The following documentation may be helpful: https://developer.apple.com/library/content/documentation/Swift/Conceptual/BuildingCocoaApps/MixandMatch.html#//apple_ref/doc/uid/TP40014216-CH10-ID122. You've probably already looked at that, but just in case. The following question may also help: Extending a Swift class with Objective C category.

As you know, to use Objective-C code in Swift there is the bridging header. To go the other way around, there is the auto-generated *-Swift.h header that should be imported in .m (and .mm) implementation files. The documentation says it should not be imported into .h files. In fact, the compiler won't let you import it into a .h file that is included, directly or indirectly, in the bridging header.
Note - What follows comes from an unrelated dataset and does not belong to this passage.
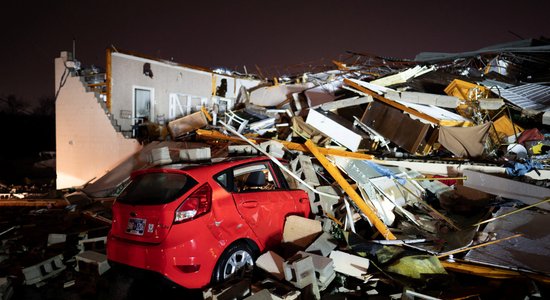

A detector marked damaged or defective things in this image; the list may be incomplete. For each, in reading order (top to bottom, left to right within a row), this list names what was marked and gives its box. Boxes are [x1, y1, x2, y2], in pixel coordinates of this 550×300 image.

However, with some care you can import it into other .h files.

Now, suppose your Swift class is called SwiftClass and you want to add to it a method called ocFunction() implemented in Objective-C. One approach, essentially presented in the aforementioned answer, is to implement a category in an Objective-C source file (.m):

@implementation SwiftClass (OCExtension)
-(void)ocFunction {...}
@end

Then modify your SwiftClass to include the following:

class SwiftClass : NSObject
{
...
    @nonobjc func ocFunction()
    {
        self.perform(Selector(("ocFunction")))
    }
...
}

The referenced answer suggests doing this in an extension, but since you have full control of the SwiftClass source, you can just do it in the class directly. BTW, the Objective-C category function could be named something other than the SwiftClass's function, thus eliminating the need for @nonobjc.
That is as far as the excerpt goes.